2021-11-22 16:10:00 - 17:00:00 @ Rm 1801, Guanghua East Tower
[poster]
- Title:
Optimal Gradient Tracking for Decentralized Optimization
- Speaker: Zhuoqing Song (Fudan University)
- Advisor: Lei Shi (Fudan University)
Abstract: Click to expand
In this talk, we focus on minimizing the sum of smooth and strongly
convex local objective functions stored in a distributed manner across
the nodes of an undirected network. We propose an Optimal Gradient
Tracking (OGT) method which is the first single-loop gradient-type
method optimal in both gradient computation and communication
complexities. The development of OGT has two steps. First, we propose a
new accelerated gradient tracking method termed ``Snapshot” Gradient
Tracking (SS-GT). Inspired by the variance reduction methods Katyusha
and L-Katyusha, SS-GT combines ``snapshot” points and ``negative
momentums” with the classical gradient tracking and outperforms
previous single-loop accelerated gradient tracking methods. SS-GT is
of independent interest and can be extended to more general settings
such as time-varying graphs and directed graphs. Second, we develop
a technique termed Loopless Chebyshev Acceleration (LCA) which
can be implemented ``looplessly’’ and achieve similar effects
with inner loops of Chebyshev acceleration. The LCA technique can
accelerate many other gradient tracking based methods with respect
to the graph condition number.
2021-12-06 16:10:00 - 17:00:00 @ Rm 1801, Guanghua East Tower
[poster]
- Title:
Modeling and Decoupling Systemic Risk into Endopathic and
Exopathic Competing Risks
- Speaker: Jingyu Ji (Fudan University)
- Advisor: Zhengjun Zhang (UW–Madison)
Abstract: Click to expand
In this talk, we propose a new nonlinear time series model:
autoregressive conditional accelerated Fréchet (AcAF) model
and introduce two new endopathic and exopathic competing
risk measures for better learning risk patterns, decoupling
systemic risk, and making better risk management. We establish
the probabilistic properties of stationarity and ergodicity
of the AcAF model. Statistical inference is developed
through conditional maximum likelihood estimation. The
consistency and asymptotic normality of the estimators are
derived. Simulation demonstrates the efficiency of the proposed
estimators and the AcAF model's flexibility in modeling
heterogeneous data. Empirical studies on the stock returns
and the cryptocurrency trading show the superior performance
of the AcAF model in terms of the identified risk patterns,
enhancing the understanding of the systemic risks of a market
and their causes, and making better risk management possible.

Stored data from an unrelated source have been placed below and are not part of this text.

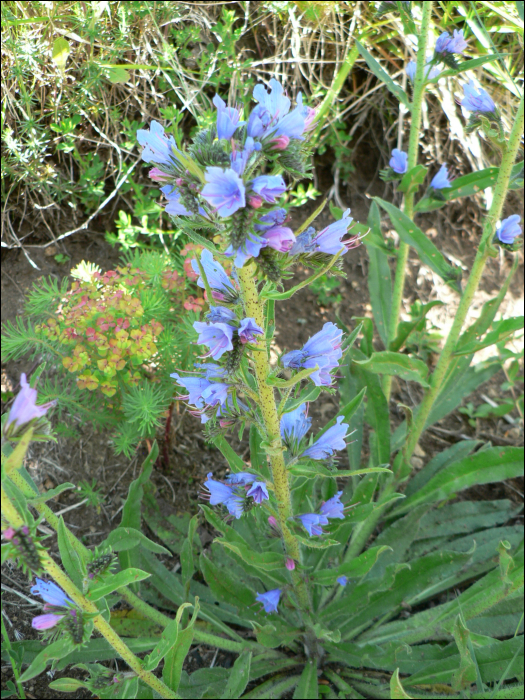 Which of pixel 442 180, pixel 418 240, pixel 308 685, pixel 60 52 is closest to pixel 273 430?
A: pixel 308 685

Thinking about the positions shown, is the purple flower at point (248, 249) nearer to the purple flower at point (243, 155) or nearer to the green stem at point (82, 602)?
the purple flower at point (243, 155)

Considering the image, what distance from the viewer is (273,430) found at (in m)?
1.58

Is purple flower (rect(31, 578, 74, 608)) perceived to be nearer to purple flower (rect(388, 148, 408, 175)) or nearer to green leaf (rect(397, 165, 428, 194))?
green leaf (rect(397, 165, 428, 194))

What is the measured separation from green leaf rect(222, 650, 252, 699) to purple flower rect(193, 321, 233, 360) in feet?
3.71

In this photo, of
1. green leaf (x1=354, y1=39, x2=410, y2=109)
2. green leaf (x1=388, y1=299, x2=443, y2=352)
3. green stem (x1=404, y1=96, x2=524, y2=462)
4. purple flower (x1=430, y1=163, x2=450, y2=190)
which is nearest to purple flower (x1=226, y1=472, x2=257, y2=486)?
green stem (x1=404, y1=96, x2=524, y2=462)

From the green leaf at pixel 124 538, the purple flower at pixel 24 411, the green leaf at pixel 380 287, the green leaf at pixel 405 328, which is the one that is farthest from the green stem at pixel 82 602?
the green leaf at pixel 380 287

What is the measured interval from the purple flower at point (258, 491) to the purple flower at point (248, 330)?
0.48 metres

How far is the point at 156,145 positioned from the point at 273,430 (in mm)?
798

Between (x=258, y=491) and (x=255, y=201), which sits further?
(x=258, y=491)

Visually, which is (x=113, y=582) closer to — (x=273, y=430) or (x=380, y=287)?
(x=273, y=430)

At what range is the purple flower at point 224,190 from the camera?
107 cm

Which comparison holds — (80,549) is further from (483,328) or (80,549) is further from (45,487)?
(483,328)

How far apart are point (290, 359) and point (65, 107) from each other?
2174 millimetres

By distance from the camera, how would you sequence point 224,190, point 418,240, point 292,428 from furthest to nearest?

2021-12-13 16:10:00 - 17:00:00 @ Rm 1801, Guanghua East Tower
[poster]
- Title:
Stochastic adaptive control of stabilization and synchronization
- Speaker: Xiaoxiao Peng (Fudan University)
- Advisor: Wei Lin (Fudan University)
Abstract: Click to expand
This result is completed by Dr.Zhou Shijie affiliated to
Dr.Lin Wei. Here, we design a scenario for stochastic adaptive
control. Firstly, we theoraticlly prove the feasibility on
stabilization, synchronization and parameter identification in terms
of multi-dimension Brownian motion. And the criterion for specific
noise is provided here. At last, we verify its feasibility by giving
some typical examples of dynamical systems.